• [Task directions]
Could you restate all of the records exactly, leaving out the pictures?

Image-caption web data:
......
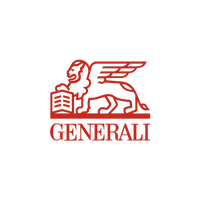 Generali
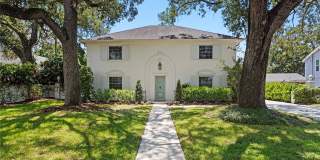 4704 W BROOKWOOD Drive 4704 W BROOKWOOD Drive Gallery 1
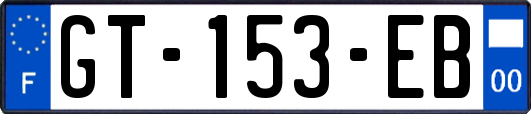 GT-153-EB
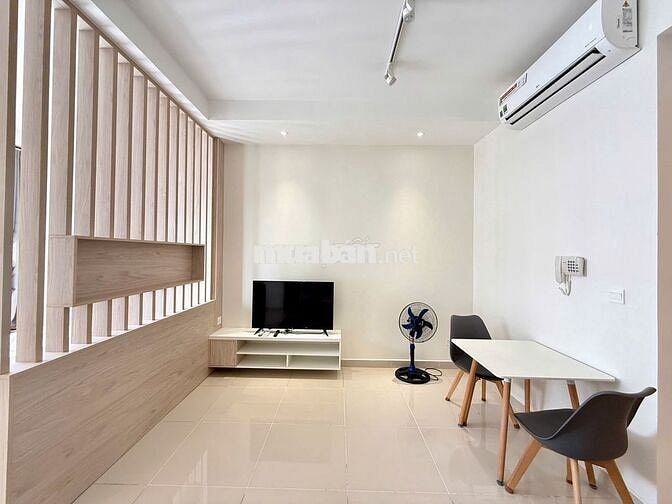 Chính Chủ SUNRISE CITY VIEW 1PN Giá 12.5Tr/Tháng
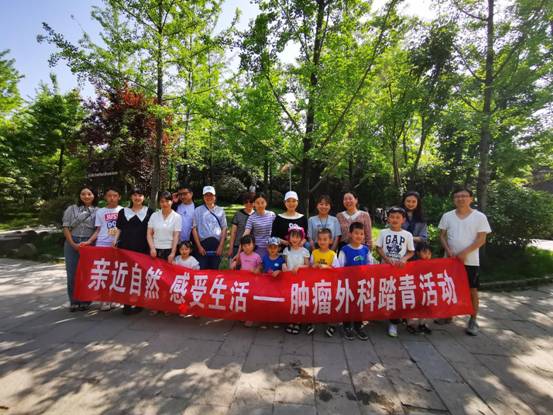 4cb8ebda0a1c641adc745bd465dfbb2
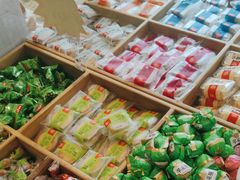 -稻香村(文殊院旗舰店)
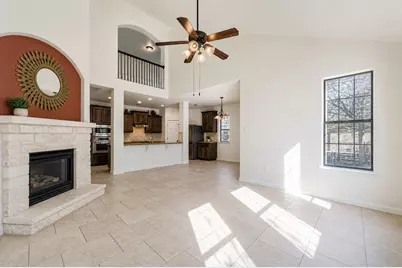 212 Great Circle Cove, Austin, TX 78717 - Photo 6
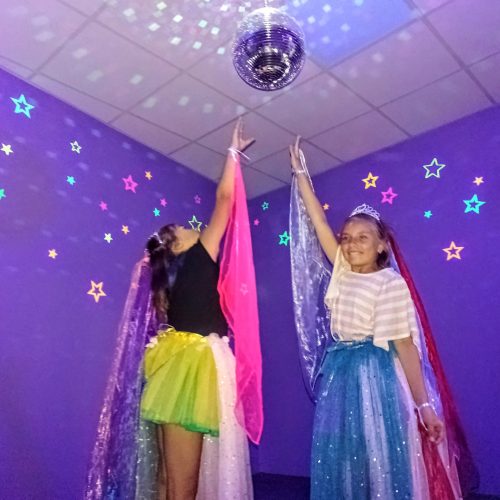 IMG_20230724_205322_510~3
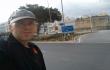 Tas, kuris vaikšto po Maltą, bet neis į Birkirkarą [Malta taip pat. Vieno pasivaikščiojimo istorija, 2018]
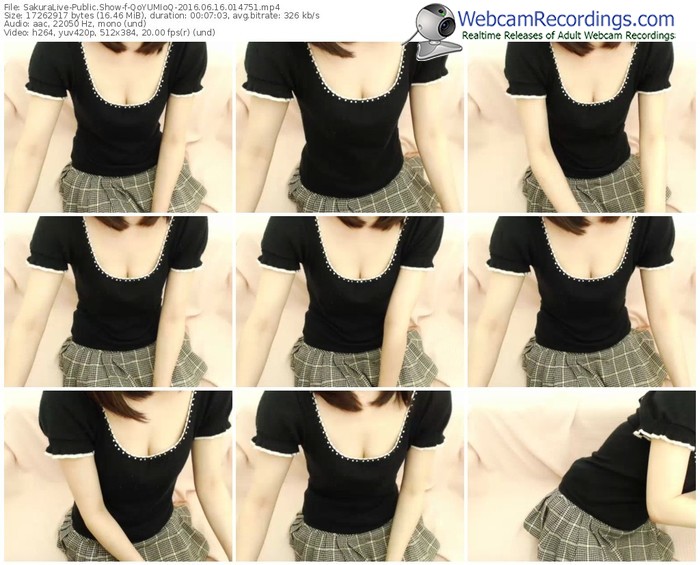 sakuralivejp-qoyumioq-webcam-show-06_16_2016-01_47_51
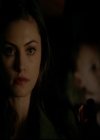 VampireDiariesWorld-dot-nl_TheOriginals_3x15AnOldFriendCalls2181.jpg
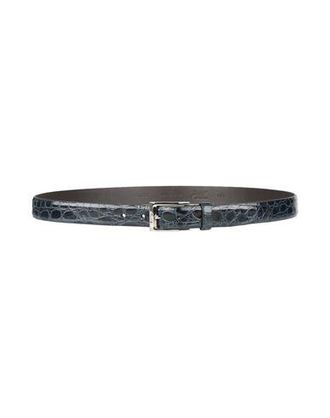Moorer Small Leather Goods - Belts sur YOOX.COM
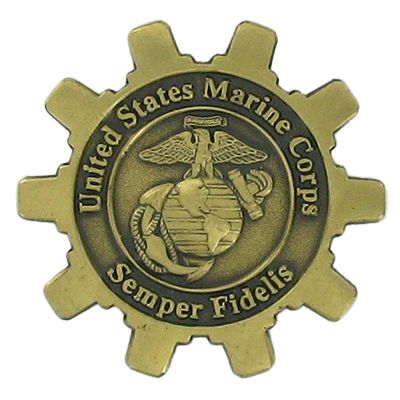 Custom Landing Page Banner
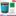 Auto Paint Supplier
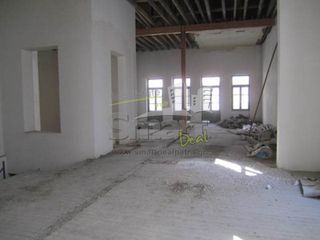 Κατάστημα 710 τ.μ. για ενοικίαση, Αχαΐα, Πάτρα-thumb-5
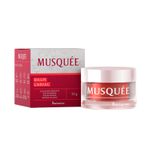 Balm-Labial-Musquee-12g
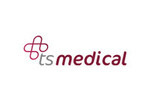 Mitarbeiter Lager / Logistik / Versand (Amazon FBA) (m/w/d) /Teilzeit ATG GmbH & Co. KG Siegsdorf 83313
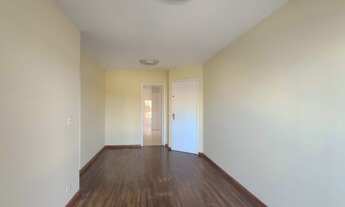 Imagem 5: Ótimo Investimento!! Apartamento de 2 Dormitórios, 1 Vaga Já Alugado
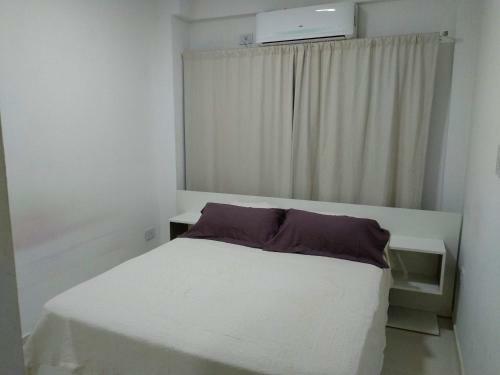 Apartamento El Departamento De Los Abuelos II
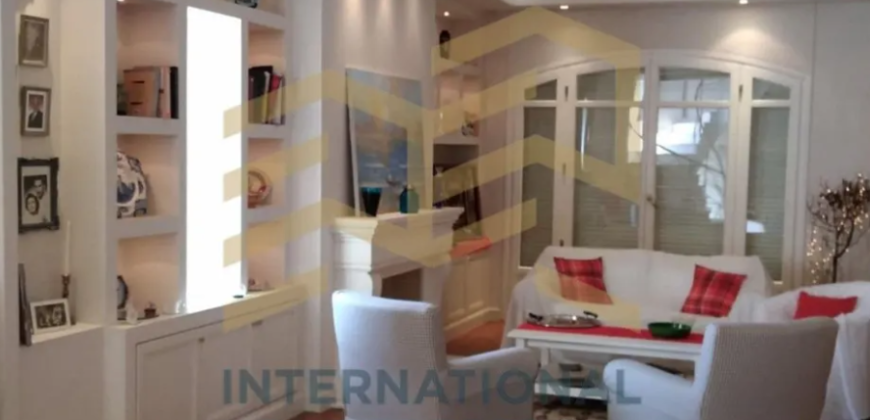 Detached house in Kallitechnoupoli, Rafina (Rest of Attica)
......
• [Answer for the task]
 Generali
 4704 W BROOKWOOD Drive 4704 W BROOKWOOD Drive Gallery 1
 GT-153-EB
 Chính Chủ SUNRISE CITY VIEW 1PN Giá 12.5Tr/Tháng
 4cb8ebda0a1c641adc745bd465dfbb2
 -稻香村(文殊院旗舰店)
 212 Great Circle Cove, Austin, TX 78717 - Photo 6
 IMG_20230724_205322_510~3
 Tas, kuris vaikšto po Maltą, bet neis į Birkirkarą [Malta taip pat. Vieno pasivaikščiojimo istorija, 2018]
 sakuralivejp-qoyumioq-webcam-show-06_16_2016-01_47_51
 VampireDiariesWorld-dot-nl_TheOriginals_3x15AnOldFriendCalls2181.jpg
Moorer Small Leather Goods - Belts sur YOOX.COM
 Custom Landing Page Banner
 Auto Paint Supplier
 Κατάστημα 710 τ.μ. για ενοικίαση, Αχαΐα, Πάτρα-thumb-5
 Balm-Labial-Musquee-12g
 Mitarbeiter Lager / Logistik / Versand (Amazon FBA) (m/w/d) /Teilzeit ATG GmbH & Co. KG Siegsdorf 83313
 Imagem 5: Ótimo Investimento!! Apartamento de 2 Dormitórios, 1 Vaga Já Alugado
 Apartamento El Departamento De Los Abuelos II
 Detached house in Kallitechnoupoli, Rafina (Rest of Attica)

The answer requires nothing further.